On 11/10/2009 05:48 AM, Mohamed Shafi wrote:
(define_insn "mulsi3"
[(set (match_operand:SI 0 "register_operand" "=&d")
(mult:SI (match_operand:SI 1 "register_operand" "%d")
(match_operand:SI 2 "register_operand" "d")))]
Note that "%" is only useful if the constraints for the two operands are
different (e.g. only one operand accepts an immediate input). When
they're identical, you simply waste cpu cycles asking reload to try the
operands in the other order.
[(set (match_dup 0)
(ashift:SI
(plus:SI (mult:HI (unspec:HI [(match_dup 2)] UNSPEC_REG_LOW)
(unspec:HI [(match_dup 1)] UNSPEC_REG_HIGH))
(mult:HI (unspec:HI [(match_dup 2)] UNSPEC_REG_HIGH)
(unspec:HI [(match_dup 1)] UNSPEC_REG_LOW)))
(const_int 16)))
(set (match_dup 0)
(plus:SI (match_dup 0)
(mult:HI (unspec:HI [(match_dup 2)] UNSPEC_REG_LOW)

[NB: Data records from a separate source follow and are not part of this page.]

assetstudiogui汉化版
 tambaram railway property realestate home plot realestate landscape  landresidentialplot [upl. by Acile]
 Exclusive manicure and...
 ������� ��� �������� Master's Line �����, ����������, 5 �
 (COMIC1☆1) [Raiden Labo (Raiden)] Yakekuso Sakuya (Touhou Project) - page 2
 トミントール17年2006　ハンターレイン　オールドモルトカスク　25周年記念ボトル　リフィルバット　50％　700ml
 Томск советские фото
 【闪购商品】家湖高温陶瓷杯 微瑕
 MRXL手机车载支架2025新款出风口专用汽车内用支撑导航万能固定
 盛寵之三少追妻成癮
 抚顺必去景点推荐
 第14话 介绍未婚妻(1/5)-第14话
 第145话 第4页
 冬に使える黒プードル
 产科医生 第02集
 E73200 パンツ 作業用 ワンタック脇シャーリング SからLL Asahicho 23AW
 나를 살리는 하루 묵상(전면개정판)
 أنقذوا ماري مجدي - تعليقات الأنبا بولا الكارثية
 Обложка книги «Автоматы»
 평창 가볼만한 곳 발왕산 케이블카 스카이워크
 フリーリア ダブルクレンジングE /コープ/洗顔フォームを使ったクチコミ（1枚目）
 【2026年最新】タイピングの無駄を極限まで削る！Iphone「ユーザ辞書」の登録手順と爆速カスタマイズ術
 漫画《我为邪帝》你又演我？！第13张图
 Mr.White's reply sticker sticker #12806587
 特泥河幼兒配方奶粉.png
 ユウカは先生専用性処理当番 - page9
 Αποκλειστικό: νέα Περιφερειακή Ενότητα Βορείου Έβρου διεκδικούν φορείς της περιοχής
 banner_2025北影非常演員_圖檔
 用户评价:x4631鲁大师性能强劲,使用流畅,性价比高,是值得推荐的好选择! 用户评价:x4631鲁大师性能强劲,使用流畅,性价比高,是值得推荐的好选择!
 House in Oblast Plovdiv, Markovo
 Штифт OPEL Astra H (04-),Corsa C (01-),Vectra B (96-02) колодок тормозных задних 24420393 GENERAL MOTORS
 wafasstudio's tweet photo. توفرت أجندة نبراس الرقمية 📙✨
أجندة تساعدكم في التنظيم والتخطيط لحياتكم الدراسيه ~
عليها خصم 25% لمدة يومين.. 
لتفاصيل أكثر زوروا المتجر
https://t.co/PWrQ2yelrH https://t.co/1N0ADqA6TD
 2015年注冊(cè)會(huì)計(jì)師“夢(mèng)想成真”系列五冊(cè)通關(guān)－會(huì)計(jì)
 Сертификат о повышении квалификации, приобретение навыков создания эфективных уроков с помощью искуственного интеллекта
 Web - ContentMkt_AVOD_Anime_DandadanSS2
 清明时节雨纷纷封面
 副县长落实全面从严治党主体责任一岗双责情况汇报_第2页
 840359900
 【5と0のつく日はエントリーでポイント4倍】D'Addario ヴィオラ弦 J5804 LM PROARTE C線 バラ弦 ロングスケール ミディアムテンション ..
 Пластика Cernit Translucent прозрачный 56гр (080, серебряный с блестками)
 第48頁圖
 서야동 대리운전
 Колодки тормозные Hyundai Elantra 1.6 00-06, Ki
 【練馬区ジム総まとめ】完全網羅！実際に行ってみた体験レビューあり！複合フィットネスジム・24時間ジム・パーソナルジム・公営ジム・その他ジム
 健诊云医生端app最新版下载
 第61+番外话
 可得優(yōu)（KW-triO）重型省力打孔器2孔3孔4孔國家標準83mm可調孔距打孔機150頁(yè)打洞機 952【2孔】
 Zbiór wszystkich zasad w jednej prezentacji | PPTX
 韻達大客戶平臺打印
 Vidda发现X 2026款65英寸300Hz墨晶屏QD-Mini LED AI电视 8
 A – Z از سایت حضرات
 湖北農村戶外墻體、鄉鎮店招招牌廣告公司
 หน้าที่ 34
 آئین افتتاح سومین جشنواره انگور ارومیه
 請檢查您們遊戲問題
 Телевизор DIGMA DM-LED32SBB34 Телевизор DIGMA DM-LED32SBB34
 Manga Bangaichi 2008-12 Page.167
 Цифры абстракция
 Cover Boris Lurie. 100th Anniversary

(unspec:HI [(match_dup 1)] UNSPEC_REG_LOW))))]
Well for one, your modes don't match. You actually want your unspecs
and MULTs to be SImode.
You could probably usefully model the second insn as
(define_insn "mulsi3_part2"
[(set (match_operand:SI 0 "register_operand" "=d")
(plus:SI
(mult:SI (zero_extend:SI
(match_operand:HI 1 "register_operand" "d"))
(zero_extend:SI
(match_operand:HI 2 "register_operand" "d")))
(match_operand:SI 3 "register_operand" "0")))]
""
...)
(define_expand "mulhisi3"
[(set (match_operand:SI 0 "register_operand" "")
(mult:SI (zero_extend:SI
(match_operand:HI 1 "register_operand" ""))
(zero_extend:SI
(match_operand:HI 2 "register_operand" "")))))]
""
{
emit_insn (gen_mulsi3_part2 (operands[0], operands[1], operands[2],
force_reg (SImode, const0_rtx)));
DONE;
})
The first insn *could* be modeled without unspec, but its general
utility is questionable. On the other hand, it doesn't hurt.
(define_insn "mulsi3_part1"
[(set (match_operand:SI 0 "register_operand" "=d")
(ashift:SI
(plus:SI
(mult:SI
(zero_extract:SI
(match_operand:SI 1 "register_operand" "d")
(const_int 16)
(const_int 0))
(zero_extract:SI
(match_operand:SI 2 "register_operand" "d")
(const_int 16)
(const_int 16)))
(mult:SI
(zero_extract:SI
(match_dup 1)
(const_int 16)
(const_int 16))
(zero_extract:SI
(match_dup 2)
(const_int 16)
(const_int 0))))
(const_int 16)))]
""
...)
It does appear that you could help the register allocator out by
splitting this pattern before reload. I would hope that the gimple
optimizers are good enough that you'd get good code simply emitting the
two insns immediately at expand time, but I can imagine that there are
places in the rtl optimizers that would be unhappy not being able to
generate a plain multiply pattern. So retaining the splitter is likely
to be best.
But beyond that we can't help without knowing what "creating problems"
means.
r~